------ Records for this exercise

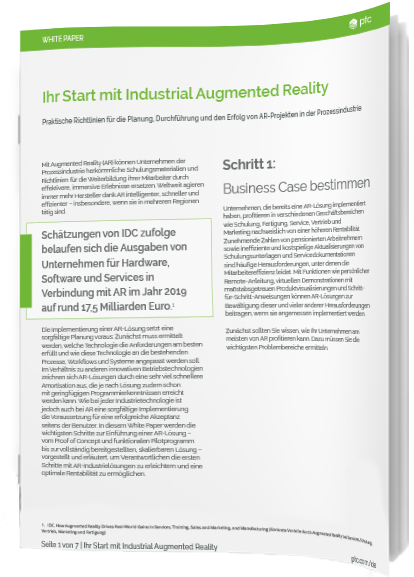 Whitepaper Titelbild PTC PROC Evonik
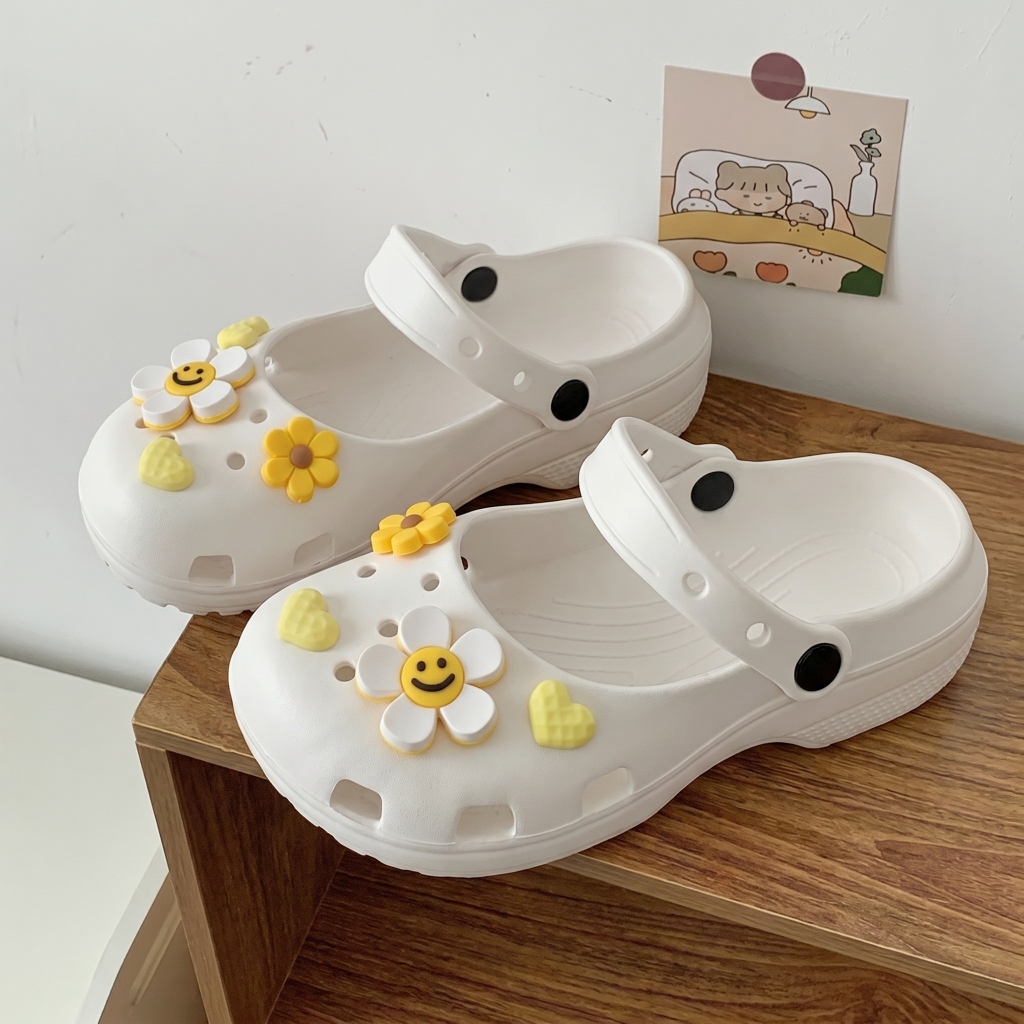 Xăng đan Mary Jane dành cho nữ Tikp3 Thoải Mái Trên Chân Không Làm Tổn Thương Có Thể Đeo Đi Làm / Mua Sắm / Biển.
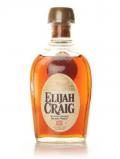 A bottle of Elijah Craig 12 Year Old Bourbon - 1980's
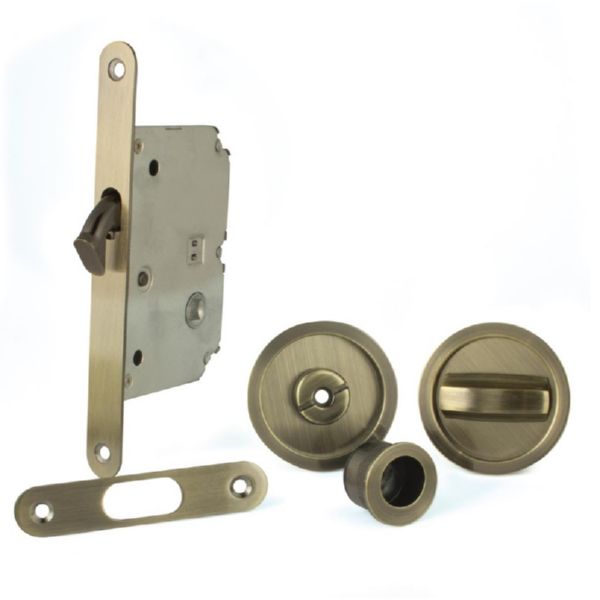 KIT CORREDRA COND.+DES. REDONDO CUERO YESTE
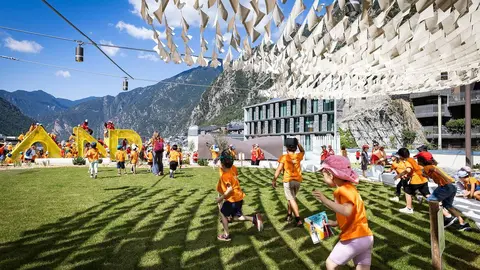 Pla&ccedil;a del Poble Andorra la Vella 4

------------

Print the stretch of the data from the line with "Xăng đan Mary" through its last line, exactly and with both ends kept. Omit pictures.

 Xăng đan Mary Jane dành cho nữ Tikp3 Thoải Mái Trên Chân Không Làm Tổn Thương Có Thể Đeo Đi Làm / Mua Sắm / Biển.
 A bottle of Elijah Craig 12 Year Old Bourbon - 1980's
 KIT CORREDRA COND.+DES. REDONDO CUERO YESTE
 Pla&ccedil;a del Poble Andorra la Vella 4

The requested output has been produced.